▸ Work instructions
Will you write out, word for word, every line from the one with "U.S.A. Formation 2014" to the final line of the data below, with the pictures left out?

=-=-=

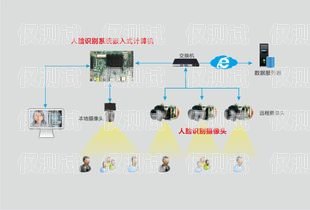 湖北智能外呼系統(tǒng)收費(fèi)，如何選擇性價比高的解決方案湖北智能外呼系統(tǒng)收費(fèi)標(biāo)準(zhǔn)文件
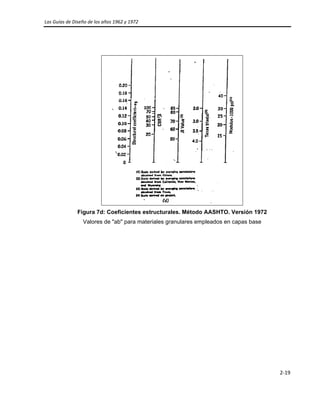 Las Guías de Diseño de los años 1962 y 1972 
 
2‐19 
 
Figura 7d: Coeficientes estructurales. Método AASHTO. Versión 1972
Valores de "ab" para materiales granulares empleados en capas base
 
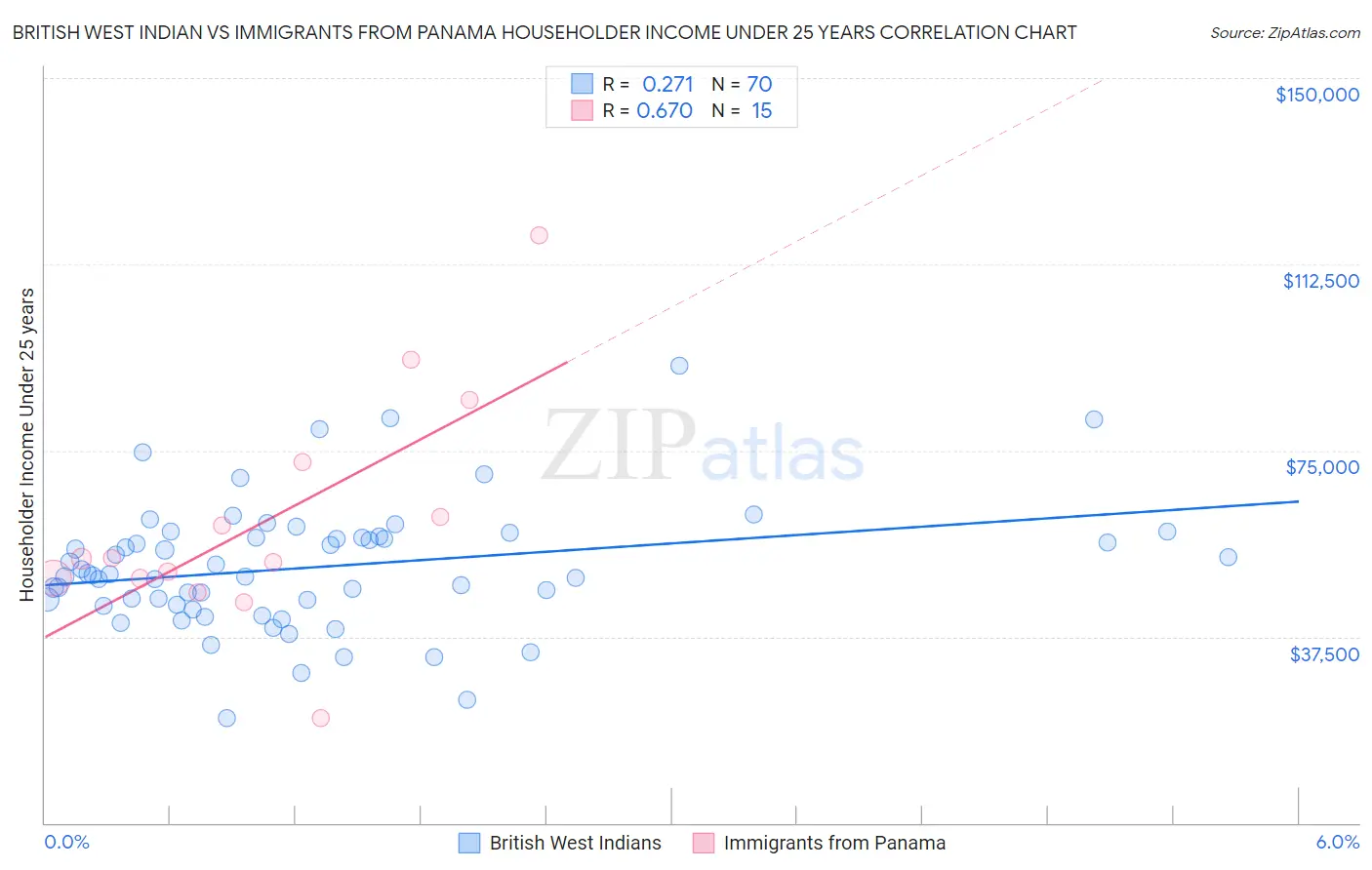 British West Indian vs Immigrants from Panama Householder Income Under 25 years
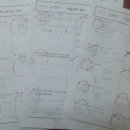 덕동초등학교 정문 이미지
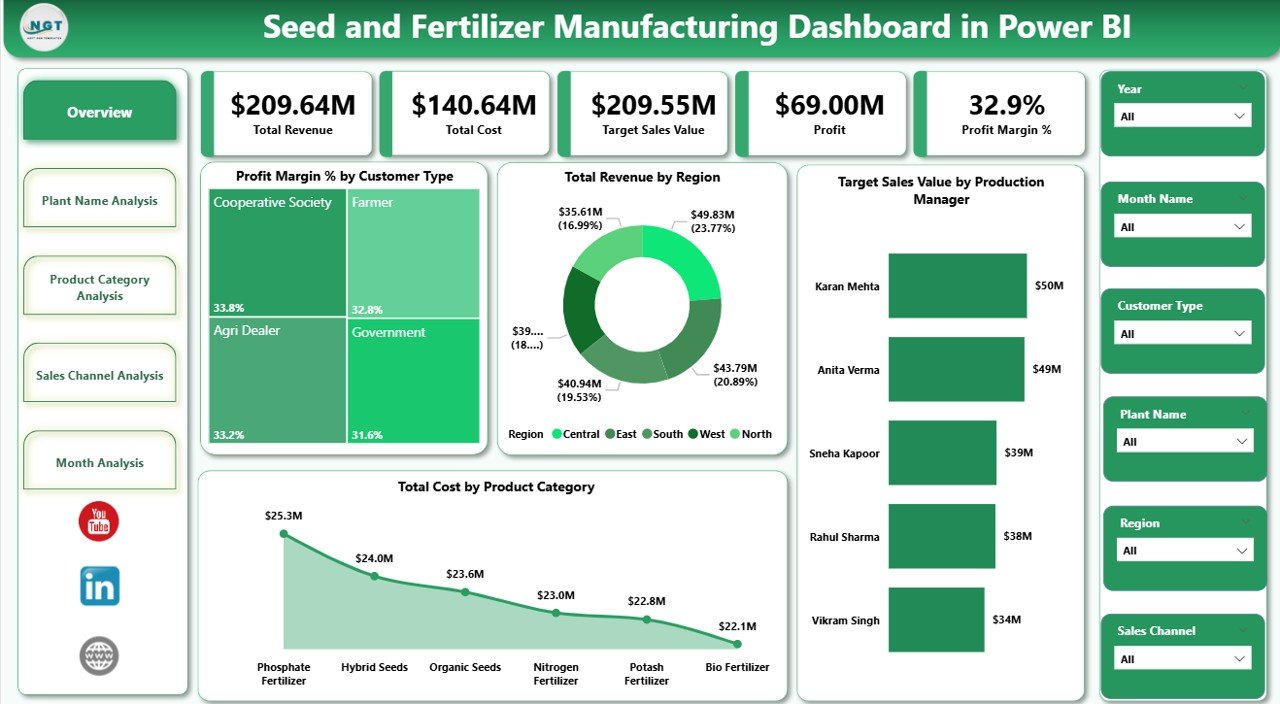 Seed and Fertilizer Manufacturing Dashboard
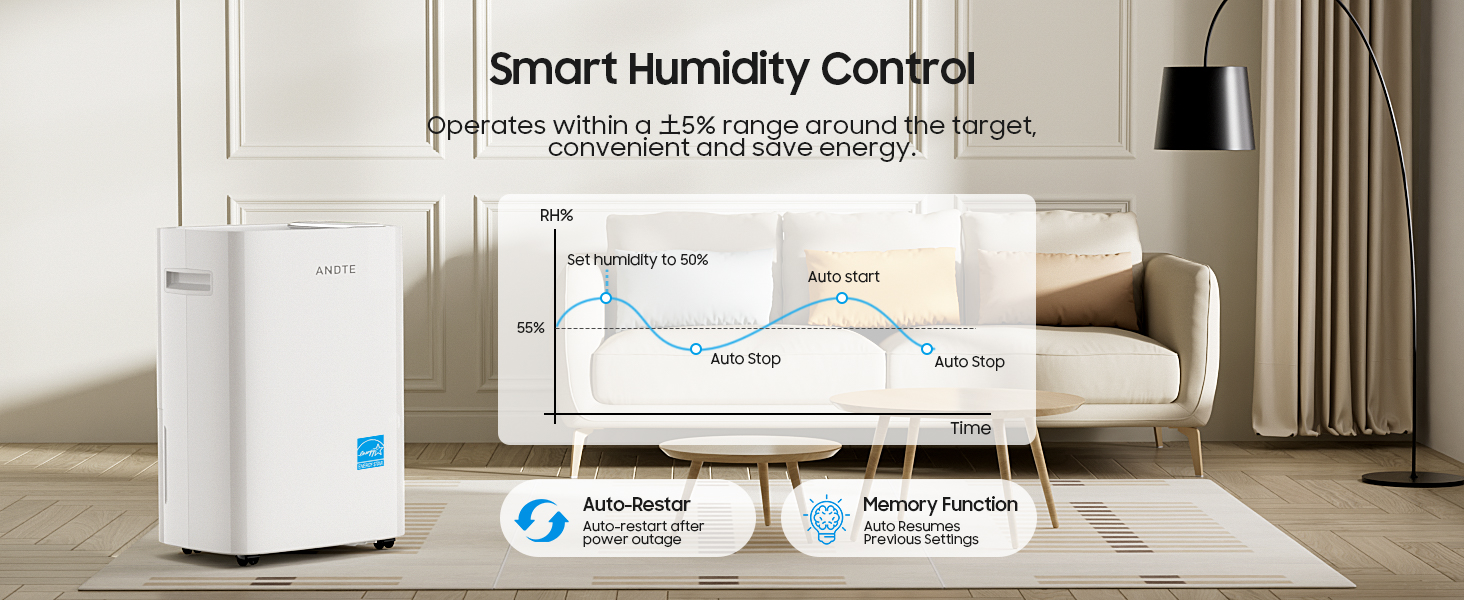 Smart Humidity Control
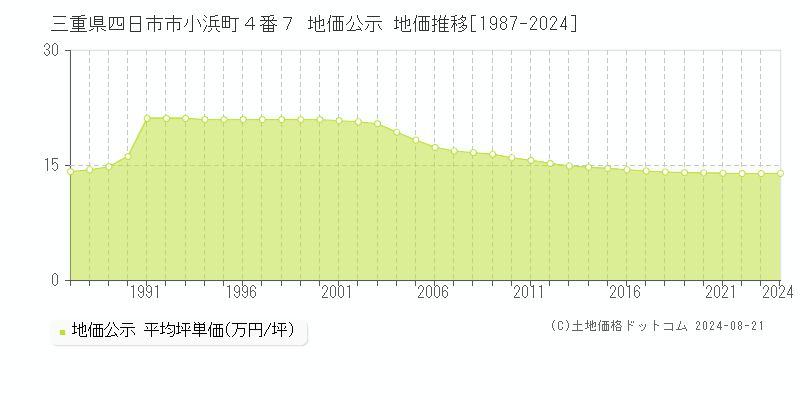 三重県四日市市小浜町４番７ 公示地価 地価推移[1987-2024]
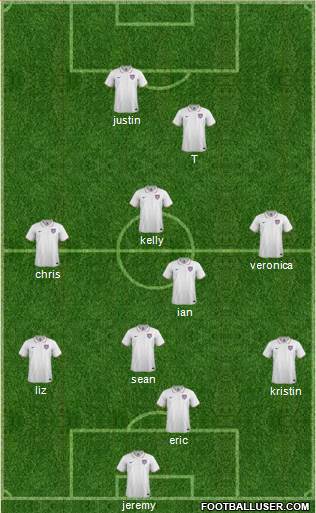 U.S.A. Formation 2014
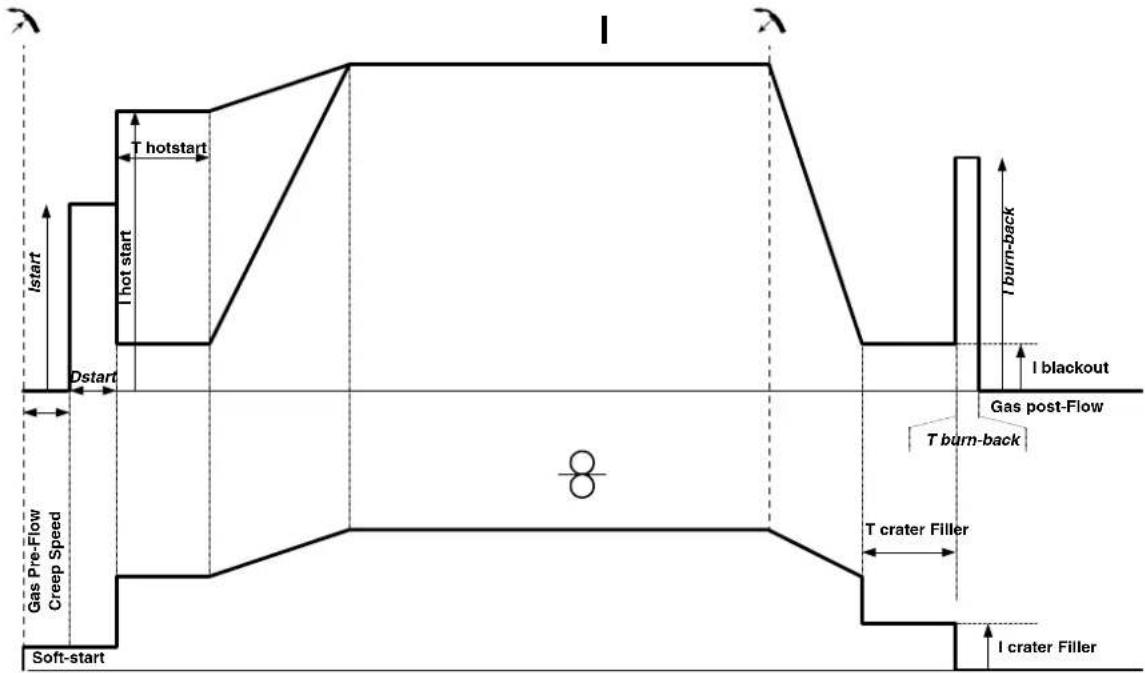 GYS Neopulse 320 C - MIG/MAG LASCYCLI - 1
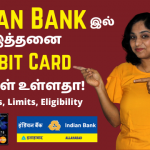 Indian-Bank-Debit-Card-Types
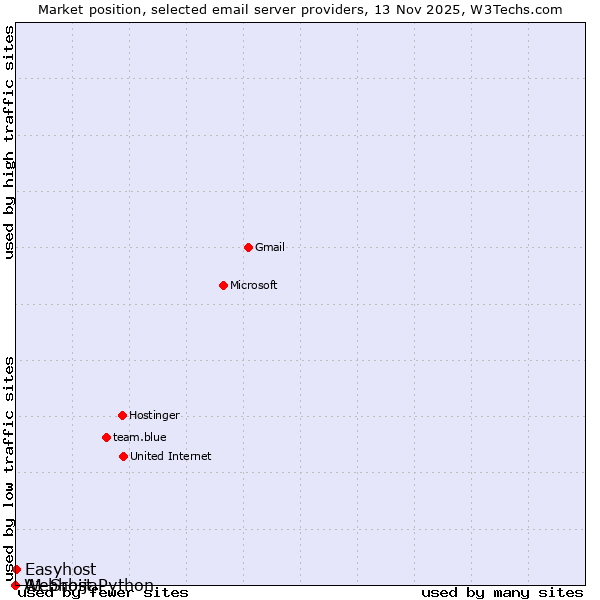 Market position of Easyhost vs. A1 Srbija vs. Webhost Python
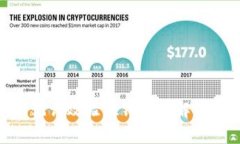 tokenim助记词效验位错误的解决方案与解析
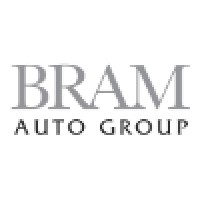 Internet Sales Manager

=-=-=

▸ Solution
 U.S.A. Formation 2014
 GYS Neopulse 320 C - MIG/MAG LASCYCLI - 1
 Indian-Bank-Debit-Card-Types
 Market position of Easyhost vs. A1 Srbija vs. Webhost Python
 tokenim助记词效验位错误的解决方案与解析
 Internet Sales Manager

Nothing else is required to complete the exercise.